Three or four months after the release of Rivalry, I recycled the scrawl code in The Dive – but with a slight difference. I reversed the direction of the scroller, so that it was coming out of the screen rather than heading into it, and I added a wibbly reflection of the scroller on the water as well. JackAsser liked it, anyway, as you’ll hear from the whoops in the live recording from Gubbdata 2019 here:-


Prerequisites

You probably need to know at least the very basics of C64 demo coding, such as how to:-

That’s probably all that you need, this time around… nothing too technical to describe here – it’s all just about clever data and ASM generation.


How It Works

The way my own Star Wars scrollers work is to essentially have all the font-date pre-packed into all the forms needed to do simple LDA/ORA/STA work in drawing the scrawl. If you take a look at the image below, you can see each text-column highlighted in yellow/blue. At the bottom, the text is 16px wide, at the top, 8px. Given the minimum width of 8px, that means that each target byte will be affected by at most 2 characters in our scrolltext.

There needs to be a calculation mapping from screenspace (320x80px) to our flat scrollplane (320x128px). The X component of that is easy enough – just do an iteration for the width from 320 to 160px across the height (80px) and then linearly interpolate from -width/2 to +width/2. Use texel-centre math to make it a little smoother.

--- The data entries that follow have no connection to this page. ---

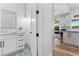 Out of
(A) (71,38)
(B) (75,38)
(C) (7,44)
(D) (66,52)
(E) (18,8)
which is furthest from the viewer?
(A) (71,38)

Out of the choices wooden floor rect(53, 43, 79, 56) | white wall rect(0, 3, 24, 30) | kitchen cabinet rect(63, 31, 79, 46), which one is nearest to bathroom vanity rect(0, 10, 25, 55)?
white wall rect(0, 3, 24, 30)

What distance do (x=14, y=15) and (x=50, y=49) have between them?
8.97 feet

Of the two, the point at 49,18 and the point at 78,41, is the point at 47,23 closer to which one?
the point at 49,18

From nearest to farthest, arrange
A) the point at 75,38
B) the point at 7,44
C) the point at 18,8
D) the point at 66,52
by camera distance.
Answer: the point at 7,44 → the point at 66,52 → the point at 18,8 → the point at 75,38

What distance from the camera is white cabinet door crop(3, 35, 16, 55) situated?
149 inches

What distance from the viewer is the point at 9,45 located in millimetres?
3990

For Y, you really just need to play around until you find something that works – I found a weird inverse calculation that kinda worked well for me:-

	float ZValue = 0.6f + (((float)YScreenPos) / ((float)STARWARS_HEIGHT)) * 0.4f;
	int YLookupPos = 499 - (int)(299.0f / ZValue);

With this, we can use some very simple code like the following to plot each part of the scroller:-

    PlotLine11:
        iny                                                                                                             //; 1 ( 3798) bytes, 2 (  5054) cycles
        ldx.abs ScrollData + (0 * $100), y                                                                              //; 3 ( 3801) bytes, 4 (  5058) cycles
        bpl PlotLine11_Yes                                                                                              //; 2 ( 3803) bytes, 2 (  5060) cycles
        jmp.abs PlotLine12                                                                                              //; 3 ( 3806) bytes, 3 (  5063) cycles
    PlotLine11_Yes:
        lda.abs FontData_14, x                                                                                          //; 3 ( 3809) bytes, 4 (  5067) cycles
        sta.abs BitmapAddress + (5 * 320) + (1 * 8) + 7                                                                 //; 3 ( 3812) bytes, 4 (  5071) cycles
        lda.abs FontData_15, x                                                                                          //; 3 ( 3815) bytes, 4 (  5075) cycles
        sta.abs BitmapAddress + (5 * 320) + (2 * 8) + 7                                                                 //; 3 ( 3818) bytes, 4 (  5079) cycles
        lda.abs FontData_16, x                                                                                          //; 3 ( 3821) bytes, 4 (  5083) cycles
        ldx.abs ScrollData + (1 * $100), y                                                                              //; 3 ( 3824) bytes, 4 (  5087) cycles
        ora.abs FontData_8, x                                                                                           //; 3 ( 3827) bytes, 4 (  5091) cycles
        sta.abs BitmapAddress + (5 * 320) + (3 * 8) + 7                                                                 //; 3 ( 3830) bytes, 4 (  5095) cycles
        lda.abs FontData_9, x                                                                                           //; 3 ( 3833) bytes, 4 (  5099) cycles
        sta.abs BitmapAddress + (5 * 320) + (4 * 8) + 7                                                                 //; 3 ( 3836) bytes, 4 (  5103) cycles

nb. don’t worry about how I’m indexing ScrollData here just yet – I’ll explain that later. It’s quite cunning 😉

In order to get our heads around the data format and how the blitting works, let’s isolate a single byte that we need to blit – choosing one deep within the scrawl:-

Here, we have 3px of the left hand character, a 1px space and then 4px from the right hand character. So we can consider the two parts that will need to be ORA’d together to be something like this

xxx----- ([0-15],[0-15],[0-15],UNUSED,UNUSED,UNUSED,UNUSED,UNUSED) //; 3px of left-hand-char
----xxxx (UNUSED,UNUSED,UNUSED,UNUSED,[0-15],[0-15],[0-15],[0-15]) //; 4px right-hand-char

Due to the nature of the data, each [0-15] part will be ascending, too. The data that we need for blitting will be the font “compressing” from 16px down to 8px the closer to the top (“far distance”) – so it’s essentially skipping bits. Eg. at 8px, we might have (0,2,4,6,8,10,12,14). It doesn’t make any difference to our code that the data falls out in this form – but it means that we’re likely to need a lot less memory for our precalculated bitfield data.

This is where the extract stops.